Oscar De Profundis de Catherine Mavrikakis est un roman écrit dans le passé (2016) dont l’intrigue se déroule dans un futur indéterminé, mais qui parle plus que jamais du présent. Quand la société échoue à subvenir aux besoins de la masse et que 99 % de la population « se partag[ent] les déchets de la ville et les viscères de la société » (p. 55), c’est-à-dire les restes du 1 % au sommet, l’entente ne peut tourner qu’à la bagarre et à la désobéissance en période de trouble.

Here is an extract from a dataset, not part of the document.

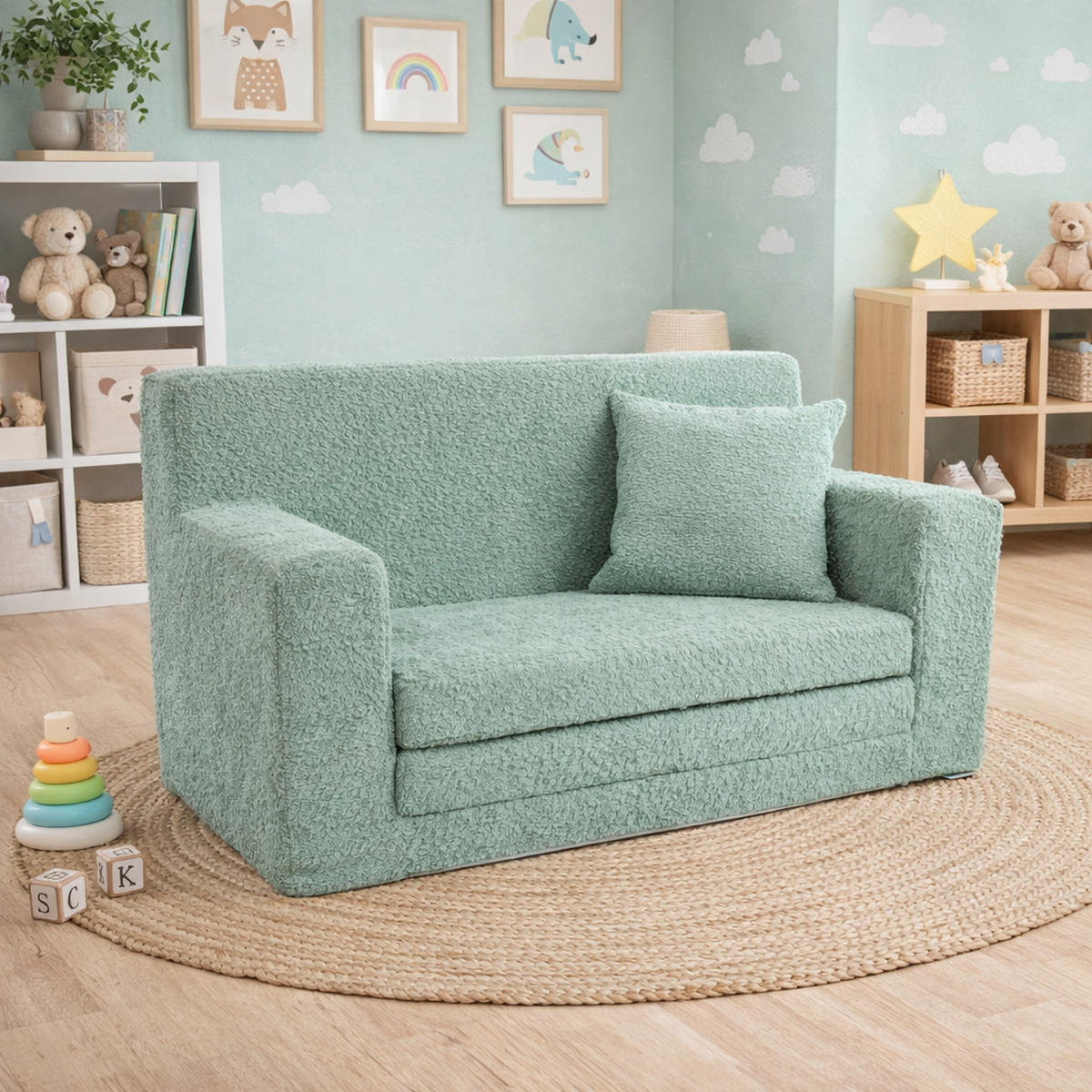 KINDERSOFA David – Stilvoller Komfort für das Kinderzimmer - In den Trendfarben - Hellgrün, Textil (83/47/43cm) - Fortisline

En effet, « devant leur extinction progressive, [les meutes] ne [peuvent] que se défaire, se fracturer, chacun de ses membres s’obstinant à persévérer en vain dans sa condition de mortel » (p. 17). C’est alors qu’on assistera à des scènes qui semblent complètement surréalistes. Dans la fiction, un sans-abri en dévore un autre. Dans la réalité, deux personnes se battent pour un paquet de papier de toilette.

Se procurer Oscar De Profundis

Couverture d'Oscar De Profundis de Catherine Mavrikakis : une foule aux silhouettes anonymes
MAVRIKAKIS, Catherine, Oscar De Profundis, Montréal, Héliotrope, 2016, 308 p.

[1] Catherine Mavrikakis, Oscar De Profundis, Montréal, Héliotrope, 2016, 308 p. Désormais, les références à cet ouvrage seront indiquées entre parenthèses avec le numéro de page pertinent.

[2] Usito, « parasite », consulté le 24 octobre 2020.

[3] À ce sujet, voir entre autres l’article de Frédéric Bally intitulé « Les sous-entendus sociaux du confinement » (Pop-en-stock, dossier « Pandémies », 15 juin 2020).